> _EXERCISE PROMPT_: Would you output the listing exactly, with every image omitted?

> _COLLECTED MATERIAL_:
****

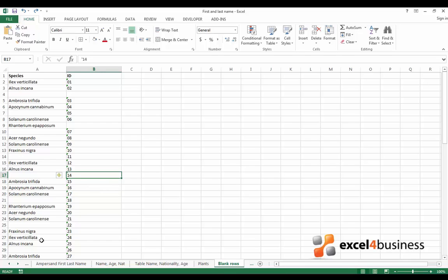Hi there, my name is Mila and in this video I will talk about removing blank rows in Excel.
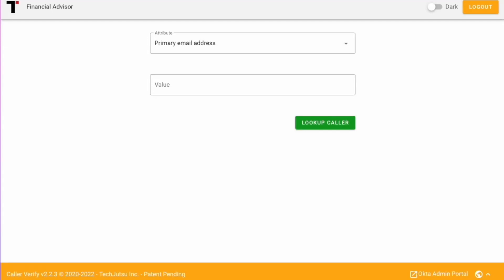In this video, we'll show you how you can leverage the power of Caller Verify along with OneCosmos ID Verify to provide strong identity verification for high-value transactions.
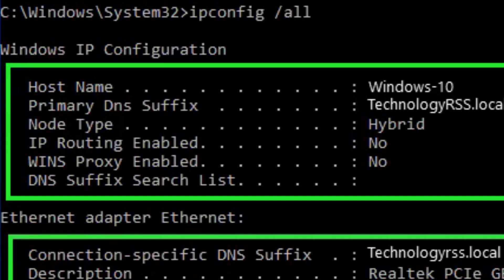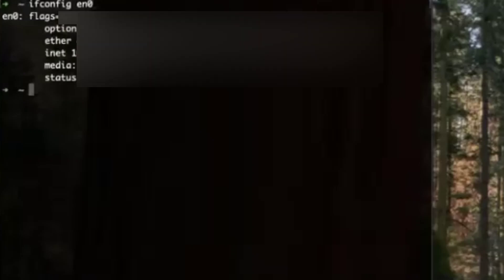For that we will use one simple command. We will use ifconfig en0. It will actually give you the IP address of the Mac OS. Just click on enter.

****

> _ANSWER SPACE_:
Hi there, my name is Mila and in this video I will talk about removing blank rows in Excel.
In this video, we'll show you how you can leverage the power of Caller Verify along with OneCosmos ID Verify to provide strong identity verification for high-value transactions.
For that we will use one simple command. We will use ifconfig en0. It will actually give you the IP address of the Mac OS. Just click on enter.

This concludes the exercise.